Berbeda dengan masyarakat di negara-negara maju seperti Jepang, Jerman, atau Swiss, di mana ketenangan dan keteraturan dipandang sebagai bagian dari peradaban dan etika bersama. Di negara-negara tersebut, suara keras bukan hanya dianggap sebagai gangguan, tetapi sebagai bentuk pelanggaran terhadap norma sosial. Hal ini berakar pada sistem pendidikan yang menanamkan nilai respek terhadap orang lain sejak dini, serta kebijakan publik yang tegas terhadap gangguan lingkungan, termasuk polusi suara. Masyarakat negara maju juga cenderung memiliki kontrol diri yang tinggi, kemampuan regulasi emosi yang baik, serta orientasi terhadap kepentingan kolektif daripada hanya individu.

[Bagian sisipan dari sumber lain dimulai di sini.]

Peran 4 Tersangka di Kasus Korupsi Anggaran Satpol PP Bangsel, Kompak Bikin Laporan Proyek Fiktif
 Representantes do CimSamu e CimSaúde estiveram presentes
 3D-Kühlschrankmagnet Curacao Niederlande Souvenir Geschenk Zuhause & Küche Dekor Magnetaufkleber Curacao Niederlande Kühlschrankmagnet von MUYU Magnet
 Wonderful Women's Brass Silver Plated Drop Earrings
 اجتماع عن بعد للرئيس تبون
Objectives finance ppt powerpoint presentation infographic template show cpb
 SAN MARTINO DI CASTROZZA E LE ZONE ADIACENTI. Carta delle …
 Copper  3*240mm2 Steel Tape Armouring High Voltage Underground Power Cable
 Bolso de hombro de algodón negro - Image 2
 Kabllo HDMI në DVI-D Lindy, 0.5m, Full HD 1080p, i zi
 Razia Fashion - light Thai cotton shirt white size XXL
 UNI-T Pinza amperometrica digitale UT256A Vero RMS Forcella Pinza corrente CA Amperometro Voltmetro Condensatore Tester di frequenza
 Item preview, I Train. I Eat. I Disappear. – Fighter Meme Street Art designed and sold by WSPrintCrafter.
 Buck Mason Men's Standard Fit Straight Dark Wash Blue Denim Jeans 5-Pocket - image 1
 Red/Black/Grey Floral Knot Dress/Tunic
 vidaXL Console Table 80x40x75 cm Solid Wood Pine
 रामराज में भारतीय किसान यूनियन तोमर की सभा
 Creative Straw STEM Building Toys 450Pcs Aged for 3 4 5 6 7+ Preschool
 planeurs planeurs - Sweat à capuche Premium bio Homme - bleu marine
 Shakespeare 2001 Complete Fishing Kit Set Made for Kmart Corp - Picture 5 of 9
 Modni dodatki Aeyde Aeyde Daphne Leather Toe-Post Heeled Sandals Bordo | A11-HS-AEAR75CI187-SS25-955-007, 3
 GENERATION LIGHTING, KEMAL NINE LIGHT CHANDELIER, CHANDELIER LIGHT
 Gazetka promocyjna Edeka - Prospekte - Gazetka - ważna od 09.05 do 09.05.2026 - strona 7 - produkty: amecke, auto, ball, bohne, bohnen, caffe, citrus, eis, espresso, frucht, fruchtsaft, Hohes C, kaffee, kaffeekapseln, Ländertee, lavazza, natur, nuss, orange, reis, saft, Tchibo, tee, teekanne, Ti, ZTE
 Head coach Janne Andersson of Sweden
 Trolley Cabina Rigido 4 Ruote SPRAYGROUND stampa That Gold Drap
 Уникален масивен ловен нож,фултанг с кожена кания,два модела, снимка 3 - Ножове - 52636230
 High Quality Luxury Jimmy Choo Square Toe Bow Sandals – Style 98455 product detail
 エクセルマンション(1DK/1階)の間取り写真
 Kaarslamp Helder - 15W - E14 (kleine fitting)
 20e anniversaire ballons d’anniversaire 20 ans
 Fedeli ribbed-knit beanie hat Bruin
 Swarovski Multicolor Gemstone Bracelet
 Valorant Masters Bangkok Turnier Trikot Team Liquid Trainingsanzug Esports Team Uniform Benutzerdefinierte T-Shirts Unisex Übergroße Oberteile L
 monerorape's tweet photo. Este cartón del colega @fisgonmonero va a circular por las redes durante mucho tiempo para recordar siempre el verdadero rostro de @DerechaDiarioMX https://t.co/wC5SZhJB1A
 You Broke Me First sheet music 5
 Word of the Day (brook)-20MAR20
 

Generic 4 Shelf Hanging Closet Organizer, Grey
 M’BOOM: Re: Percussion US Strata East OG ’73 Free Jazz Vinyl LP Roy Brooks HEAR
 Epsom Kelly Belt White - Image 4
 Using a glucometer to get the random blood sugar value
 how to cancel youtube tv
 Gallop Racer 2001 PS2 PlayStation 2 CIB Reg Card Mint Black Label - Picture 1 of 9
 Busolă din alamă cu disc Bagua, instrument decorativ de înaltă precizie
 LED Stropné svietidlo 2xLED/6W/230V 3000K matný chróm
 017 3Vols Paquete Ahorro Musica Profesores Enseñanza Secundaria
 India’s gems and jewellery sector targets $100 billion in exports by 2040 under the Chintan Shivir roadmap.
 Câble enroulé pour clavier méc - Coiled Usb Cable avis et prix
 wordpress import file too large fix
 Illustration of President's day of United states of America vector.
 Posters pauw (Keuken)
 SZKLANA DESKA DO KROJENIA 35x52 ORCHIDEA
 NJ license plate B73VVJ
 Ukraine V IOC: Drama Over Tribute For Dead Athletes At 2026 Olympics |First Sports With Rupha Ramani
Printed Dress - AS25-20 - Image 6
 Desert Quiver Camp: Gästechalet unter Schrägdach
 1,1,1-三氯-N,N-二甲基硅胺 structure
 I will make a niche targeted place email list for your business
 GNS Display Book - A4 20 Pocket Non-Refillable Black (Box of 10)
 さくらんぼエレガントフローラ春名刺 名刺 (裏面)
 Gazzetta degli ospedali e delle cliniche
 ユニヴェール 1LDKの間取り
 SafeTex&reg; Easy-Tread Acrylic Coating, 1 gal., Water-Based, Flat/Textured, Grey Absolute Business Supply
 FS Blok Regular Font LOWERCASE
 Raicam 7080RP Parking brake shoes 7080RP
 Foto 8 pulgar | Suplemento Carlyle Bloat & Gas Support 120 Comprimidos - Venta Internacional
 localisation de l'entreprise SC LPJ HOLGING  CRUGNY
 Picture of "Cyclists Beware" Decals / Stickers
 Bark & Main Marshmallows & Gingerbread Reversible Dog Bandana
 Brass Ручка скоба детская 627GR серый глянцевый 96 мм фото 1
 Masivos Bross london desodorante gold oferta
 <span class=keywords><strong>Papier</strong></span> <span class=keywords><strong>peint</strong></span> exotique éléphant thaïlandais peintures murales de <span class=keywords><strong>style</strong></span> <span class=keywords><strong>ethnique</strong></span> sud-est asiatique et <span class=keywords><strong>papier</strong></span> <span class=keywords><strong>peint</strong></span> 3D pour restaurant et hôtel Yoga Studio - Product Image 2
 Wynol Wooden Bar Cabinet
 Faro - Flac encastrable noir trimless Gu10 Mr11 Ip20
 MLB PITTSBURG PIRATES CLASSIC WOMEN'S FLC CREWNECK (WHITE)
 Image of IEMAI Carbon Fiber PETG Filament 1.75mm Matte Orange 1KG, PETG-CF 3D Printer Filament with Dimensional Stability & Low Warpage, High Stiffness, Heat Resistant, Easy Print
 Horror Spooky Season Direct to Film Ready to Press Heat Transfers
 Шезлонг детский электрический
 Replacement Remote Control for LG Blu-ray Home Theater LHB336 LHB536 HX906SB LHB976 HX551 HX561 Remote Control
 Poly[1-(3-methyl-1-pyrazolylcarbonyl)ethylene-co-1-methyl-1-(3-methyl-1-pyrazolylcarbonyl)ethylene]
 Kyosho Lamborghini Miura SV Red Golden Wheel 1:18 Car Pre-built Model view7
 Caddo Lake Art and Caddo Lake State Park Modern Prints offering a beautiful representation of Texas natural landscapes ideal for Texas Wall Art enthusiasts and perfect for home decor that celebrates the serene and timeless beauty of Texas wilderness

Nilai-nilai seperti empati, penghargaan terhadap waktu dan ruang orang lain, serta kesadaran akan pentingnya keseimbangan mental menjadi fondasi budaya tenang tersebut. Transportasi umum di Swiss misalnya, sangat sunyi bahkan saat penuh sesak. Di Jepang, menggunakan ponsel di kereta dianggap tidak sopan karena bisa mengganggu penumpang lain. Di Jerman, suara keras dari pesta malam hari dapat berujung pada intervensi polisi dan sanksi administratif. Semua ini menunjukkan bahwa ketenangan bukan sekadar kebiasaan, tetapi hasil dari peradaban sosial yang matang.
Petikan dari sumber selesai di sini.